Python3.2中引入的concurrent非常的好用,只用几行代码就可以编写出线程池/进程池,并且计算型任务效率和mutiprocessing.pool提供的poll和ThreadPoll相比不分伯仲,而且在IO型任务由于引入了Future的概念效率要高数倍。
而threading的话还要自己维护相关的队列防止死锁,代码的可读性也会下降,相反concurrent提供的线程池却非常的便捷,不用自己操心死锁以及编写线程池代码,由于异步的概念IO型任务也更有优势。
既然如此,如果不是为了向下兼容2.x,是不是可以完全没有必要继续使用mutiprocessing和threading了?concurrent如此的优秀。
阿神2017-04-18 10:13:53
concurrent is indeed very useful, mainly providing ThreadPoolExecutor and ProcessPoolExecutor. A multi-thread, a multi-process. But concurrent is essentially an encapsulation of threading and mutiprocessing. You can find out by looking at its source code.
ThreadPoolExecutor provides its own task queue, so there is no need to write it yourself. The so-called thread pool simply compares the current number of threads with the defined size of max_workers. If the size is smaller than max_workers, the task is allowed to create threads to execute the task. You can see the source code
def _adjust_thread_count(self):
# When the executor gets lost, the weakref callback will wake up
# the worker threads.
def weakref_cb(_, q=self._work_queue):
q.put(None)
# TODO(bquinlan): Should avoid creating new threads if there are more
# idle threads than items in the work queue.
if len(self._threads) < self._max_workers:
t = threading.Thread(target=_worker,
args=(weakref.ref(self, weakref_cb),
self._work_queue))
t.daemon = True
t.start()
self._threads.add(t)
_threads_queues[t] = self._work_queue
So if you maintain the queue yourself, it’s no problem. Cocurrent also maintains a queue internally and it’s just written for you.
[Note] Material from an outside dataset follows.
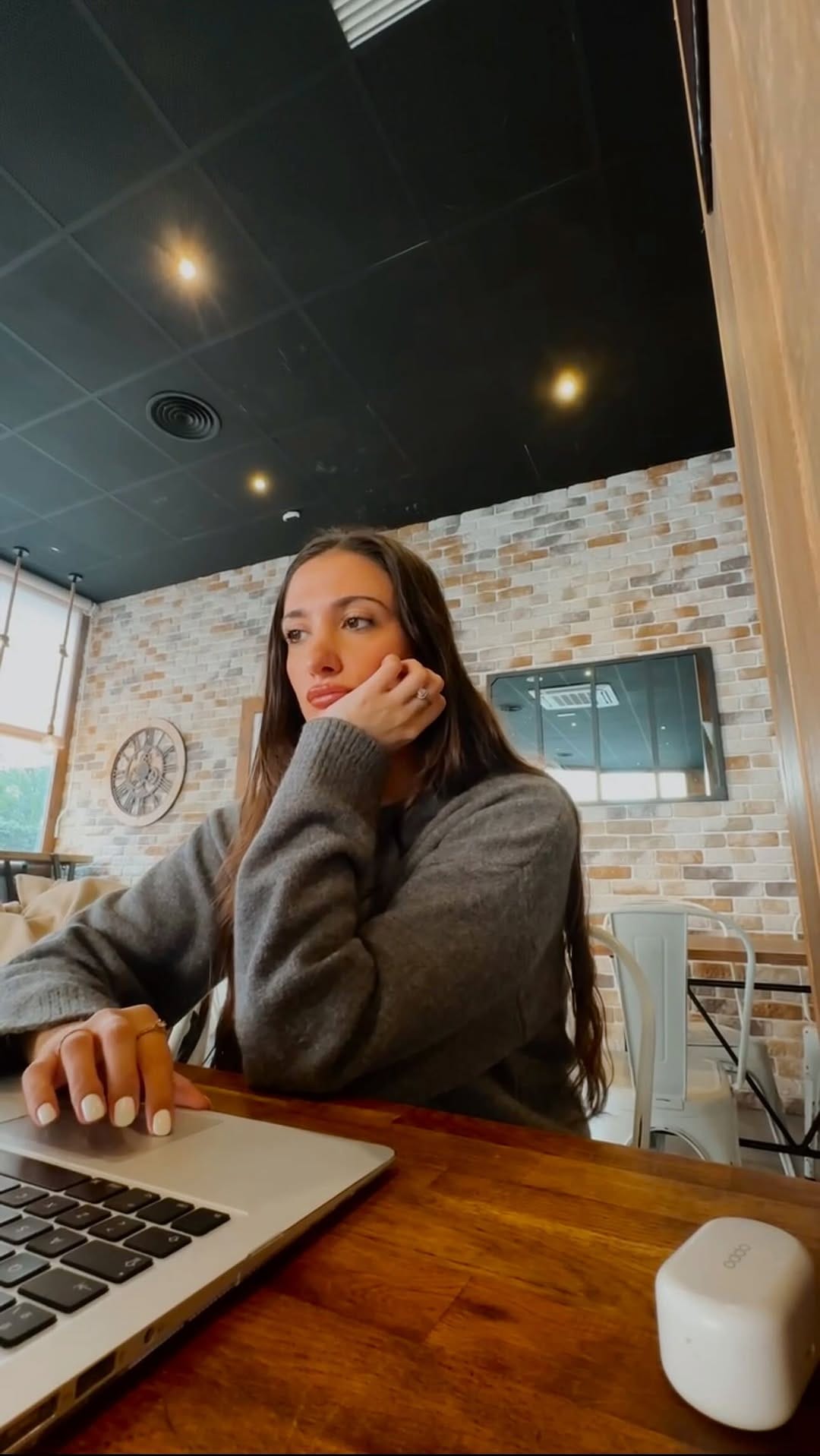 Post 3 by IRENE HERNÁNDEZ on Instagram (video)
As for the deadlock problem, concurrent can also cause deadlock problems. Let me give you an example, run it and see
import time
from concurrent.futures import ThreadPoolExecutor
def wait_on_b():
time.sleep(5)
print(b.result()) # b will never complete because it is waiting on a.
return 5
def wait_on_a():
time.sleep(5)
print(a.result()) # a will never complete because it is waiting on b.
return 6
executor = ThreadPoolExecutor(max_workers=2)
a = executor.submit(wait_on_b)
b = executor.submit(wait_on_a)
ProcessPoolExecutor also uses mutiprocessing internally. It can make full use of the characteristics of multi-core and get rid of the restrictions of GIL. Note that when defining ProcessPoolExecutor(max_workers=2), max_workers is slightly larger than the number of CPU cores and cannot be too large. ProcessPoolExecutor internally maintains a call_queue to maintain the task queue, and its type is multiprocessing.Queue. There is also a thread that manages the queue. This can be said to be an optimization of cocurrent.
You can see the source code for details. self._adjust_process_count() actually starts the process to execute the task. Click on _adjust_process_count and you will know it at a glance. self._queue_management_thread is the thread that manages the queue
if self._queue_management_thread is None:
# Start the processes so that their sentinels are known.
self._adjust_process_count()
self._queue_management_thread = threading.Thread(
target=_queue_management_worker,
args=(weakref.ref(self, weakref_cb),
self._processes,
self._pending_work_items,
self._work_ids,
self._call_queue,
self._result_queue))
self._queue_management_thread.daemon = True
self._queue_management_thread.start()
_threads_queues[self._queue_management_thread] = self._result_queue
So cocurrent is easy to use, that is, it does some better processing by itself, such as maintaining queues and managing queue threads, so you don’t need to worry about it anymore. Of course you can also implement it yourself. You can use cocurrent to achieve this. It can be achieved with threading and mutiprocessing. At most, you have to do extra work yourself. Because cocurrent essentially uses these two cores. Of course, it would be best if you have a better cocurrent that is already available. You can use it directly instead of reinventing the wheel yourself. So which one to use depends on your personal familiarity. For example, I use python2, but I can’t use cocurrent. Had to use threading.
阿神2017-04-18 10:13:53
The person above has already said it very clearly, I just want to add a little bit.
Concurrent.future uses the concept of asynchronous to manage threads/processes, but it does not actually encapsulate asynchronous IO, so the IO efficiency mentioned by the question is improved. It’s actually wrong.